Web page caption snippets:
*** Begin section ***

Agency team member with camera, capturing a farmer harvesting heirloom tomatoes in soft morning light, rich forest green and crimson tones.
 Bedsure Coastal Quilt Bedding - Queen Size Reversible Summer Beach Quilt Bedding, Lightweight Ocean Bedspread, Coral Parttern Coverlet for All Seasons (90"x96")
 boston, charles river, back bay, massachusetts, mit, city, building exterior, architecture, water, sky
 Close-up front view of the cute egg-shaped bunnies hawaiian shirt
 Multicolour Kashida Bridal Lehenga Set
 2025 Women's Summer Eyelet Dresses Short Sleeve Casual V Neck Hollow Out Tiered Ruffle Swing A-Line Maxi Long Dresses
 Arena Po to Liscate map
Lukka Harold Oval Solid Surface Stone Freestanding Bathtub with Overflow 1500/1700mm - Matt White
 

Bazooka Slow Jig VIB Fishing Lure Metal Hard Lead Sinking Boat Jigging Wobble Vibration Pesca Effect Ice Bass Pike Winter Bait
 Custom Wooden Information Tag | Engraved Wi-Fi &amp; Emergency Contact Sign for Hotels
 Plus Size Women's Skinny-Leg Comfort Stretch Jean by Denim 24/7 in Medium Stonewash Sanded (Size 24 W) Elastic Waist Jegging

*** End section ***

About this exercise:
Your task is to copy every record exactly.

Answer to this problem:
Agency team member with camera, capturing a farmer harvesting heirloom tomatoes in soft morning light, rich forest green and crimson tones.
 Bedsure Coastal Quilt Bedding - Queen Size Reversible Summer Beach Quilt Bedding, Lightweight Ocean Bedspread, Coral Parttern Coverlet for All Seasons (90"x96")
 boston, charles river, back bay, massachusetts, mit, city, building exterior, architecture, water, sky
 Close-up front view of the cute egg-shaped bunnies hawaiian shirt
 Multicolour Kashida Bridal Lehenga Set
 2025 Women's Summer Eyelet Dresses Short Sleeve Casual V Neck Hollow Out Tiered Ruffle Swing A-Line Maxi Long Dresses
 Arena Po to Liscate map
Lukka Harold Oval Solid Surface Stone Freestanding Bathtub with Overflow 1500/1700mm - Matt White
 

Bazooka Slow Jig VIB Fishing Lure Metal Hard Lead Sinking Boat Jigging Wobble Vibration Pesca Effect Ice Bass Pike Winter Bait
 Custom Wooden Information Tag | Engraved Wi-Fi &amp; Emergency Contact Sign for Hotels
 Plus Size Women's Skinny-Leg Comfort Stretch Jean by Denim 24/7 in Medium Stonewash Sanded (Size 24 W) Elastic Waist Jegging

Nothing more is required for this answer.